В виде внешнего оформления третьего сословия в европейских государствах городской герб в это время уже не выступал, к гербам во многих странах относились как к анахронизму, а через несколько лет во Франции был принят закон, по которому владельцы гербов даже подвергались штрафу[496]. Почему же просвещенная правительница России пошла на этот шаг?

Синхронность внедрения городского символа и действий, направленных на укрепление существующего общественно-политического строя, усиление диктатуры дворянства на местах, когда фактически власть в городе передавалась представителям дворянства, но не горожан («новые действительно городские учреждения получили по Городовому положению 1785 г. очень и очень скромную долю самостоятельности»[497]), позволяют охарактеризовать действия российского правительства по введению городских гербов как организованный в масштабах государства камуфляж, прикрывающий абсолютистско-дворянскую сущность провозглашенного Екатериной II городского самоуправления. Ибо в том, как создавался в России в 1775–1785 гг. институт городского герба (массовость законодательных актов, подчеркивание необходимости оформления уже существовавшего герба, например в прибалтийских городах, особым пожалованием Екатерины; изготовление каждому городу жалованной грамоты с красочным гербом, обязательность городских печатей с соответствующим символом и т. д.), заметен внешний эффект, нарочитость, помпезность.
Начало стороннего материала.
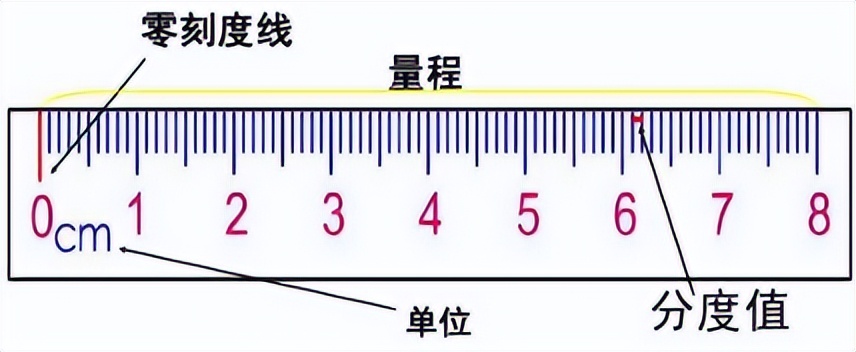 八年级物理课堂同步知识点与思维导图-长度与时间测量（人教版）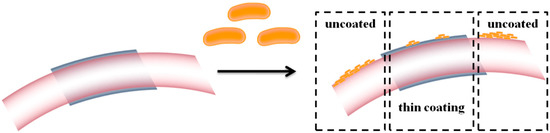 Molecules 19 12011 g012 550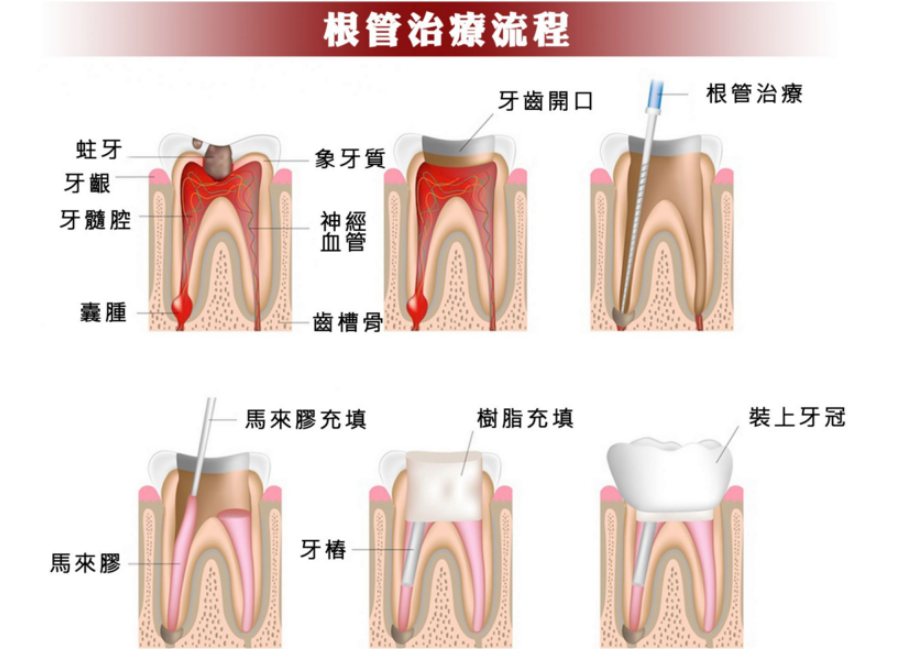 深圳杜牙根牙科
Кроме того, Екатерина показала себя еще и продолжательницей петровских – не свершенных им – идей: введения городского самоуправления, изображения городских гербов на печатях городских судебных мест и городских знаменах; таким образом, она как бы возродила извечные государственные идеи.

Одновременно она воплотила (тоже как камуфляж) еще одну старую идею – «греческий проект», целью которого было якобы восстановление «древней Греческой империи» с центром в Константинополе, а внук императрицы Константин «предназначался» в правители этой «Греческой империи». Эллинофильство в 80-е гг. XVIII в. насаждалось в России: при дворе возникла мода на все греческое – имена, язык, костюмы, спектакли; город Екатеринослав предполагалось построить по типу Афин, как центр наук и искусств, со зданиями в классическом стиле; в России открывались греческие училища и т. д. В одном из них – Греческом корпусе – обучался отец Ф. И. Тютчева, впоследствии одного из самых ярых идеологов «Великой Греко-Российской Восточной Державы»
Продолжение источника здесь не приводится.